Harmse further confirmed: “The total capital cost of the terminal was approximately R1.1 billion, which was funded via the shareholder loans, with the balance being funded by way of senior debt (being the load funding by the IDC and PIC, that is loans other than those provided by the applicant and MOGS (the senior debt), with the IDC providing a senior debt facility of R500 million and the balance of senior debt of R15m provided by the PIC.

“Further funding of R480m in shareholder loans provided by the applicant and MOGS. It should be noted that PIC is a shareholder in MOGS.”

Previous research by IOL indicated that a facility of similar size to the Sunrise Energy facility (5 500 metric tons) should have cost around R400m to construct.

The total liabilities as at October 2022 are recorded as being R1 452 380 902, with the total senior debt for the IDC and PIC at R926 939 561.

It would seem that despite Sunrise Energy enjoying a monopoly, the business is unable to generate any returns, or service the excessive debt obligations that have resulted in this application.

Kekana is a qualified chartered account, who held the position of chief financial officer at the PIC prior to taking up the role as MOGS chairperson.

The project development phase of the project appears not to have included any individuals skilled in the development of LPG terminals and import storage facilities. This is evident from the excessive construction expenditure and the weather prone infrastructure, which results in periodic supply issues.

This development now places key port infrastructure at risk as it is currently the only infrastructure available for LPG imports into the Western Cape.

While Sunrise Energy claims charging a higher tariff will help with business liquidity, the reality appears to be that higher tariffs will be passed on to consumers, already burdened with high energy costs, and are the result of over-engineering and reckless borrowing.

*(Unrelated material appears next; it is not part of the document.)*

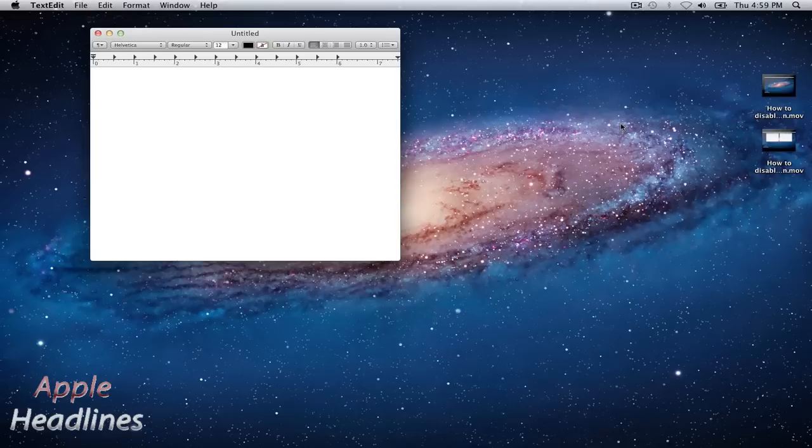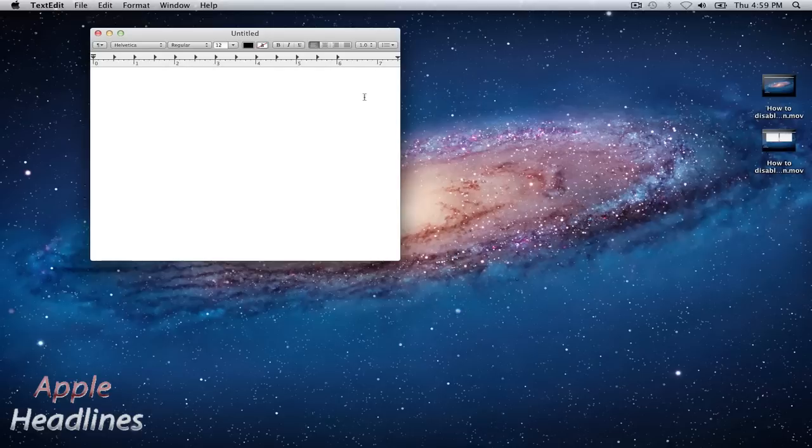They've obviously borrowed this from iOS, but some people might not want it on, just like they don't like it on iOS. An example of it working is contractions. If I type in 'your,' it'll give me a suggestion. I just hit space and it does it for me.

It is also premised on the fact that Sunrise will enjoy a “contrived monopoly” in Saldanha.

Further, there are reports the facility is over-engineered and not fit for purpose.

The PIC and IDC are organs of the state, and are able to fund projects as a result of investing cash received from pensions funds such as the Government Employees Pension Fund and the Unemployment Insurance Fund, among others. The current situation at Sunrise Energy now places the large investments these funds have made at risk.

While the key theme in the court document is the claim that the Vita Gas contract is the reason it is unable to service its debt, experts indicate that even if the Vita gas contract were cancelled, the introduction of new aggregators would not generate sufficient revenue to cover the large-scale debt.

Further, Sunrise Energy last week told the Competition Tribunal that the Strategic Fuel Fund’s (SFF) takeover of gas importer and distributor Avedia would result in Sunrise having to close its doors.

As we navigate a period of constrained electricity supply, with communities turning to alternative energy sources such as LPG for their heating and cooking, the current situation at Sunrise Energy means the Western Cape and surrounding areas may potentially run out of gas as a result of weak project development and reckless management.